In 1992, he became editor of The Druids' Voice: the Magazine of Contemporary Druidry.

In 1993, at the invitation of Tim Sebastion, founder of the Secular Order of Druids, Shallcrass composed a ritual to be performed at a multi-faith conference Tim had organised among the old stone circles of Avebury in Wiltshire. This resulted in the formation of the Gorsedd of Bards of Caer Abiri, which grew over the next few years to become what Ronald Hutton described as the "central event" of the New Druidry, initiating many people into the Bardic grade. A detailed account of the first event was published in The Gorsedd of Bards of Caer Abiri Newsletter No. 1, where Shallcrass took the role of Chief Druid (equivalent to Master of Ceremonies) with the assistance of Philip Carr Gomm of the Order of Bards Ovates and Druids. Another detailed account of the Gorsedd was later provided in the Pagan Federation's journal Pagan Dawn.
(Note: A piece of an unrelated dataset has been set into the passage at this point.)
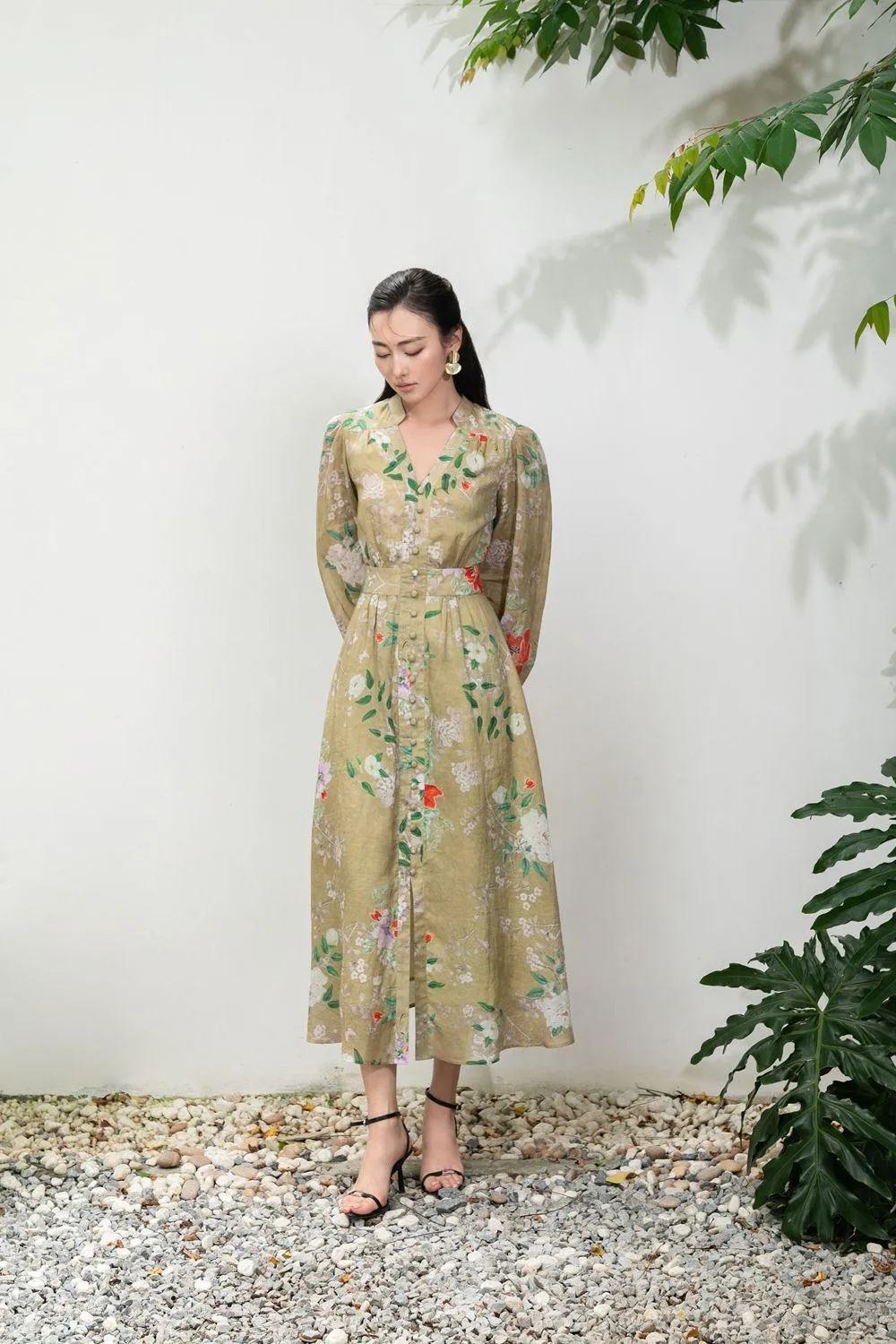 Adriel A-line Puffy Sleeved Linen Midi Dress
In 1994, following what he described as a powerful vision in a sweat lodge, Shallcrass adopted the Druid name, Greywolf. In 1995, he began to work regularly with Emma Restall Orr, who became joint chief of the BDO. Together, they lectured, hosted workshops and rituals, wrote new material for the Order, and appeared on TV and Radio in the UK and elsewhere.

The "shamanic" form of Druidry pioneered by Shallcrass with the British Druid Order resulted in bringing the shamanic vision of the World Drum Project to ceremonies at Dragon Hill, below the Uffington White Horse hill figure in Oxfordshire, and at Avebury in Wiltshire.

Shallcrass has created a series of distance learning courses on Druidry for the British Druid Order covering all three grades of Bard, Ovate and Druid as a series of monthly booklets. The course comes with recommendations from prominent figures including Professor Ronald Hutton and Robin Williamson.

The closing ceremony of the 2012 Paralympics included text from a 1997 Gorsedd ritual written by Philip Shallcrass and Emma Restall Orr.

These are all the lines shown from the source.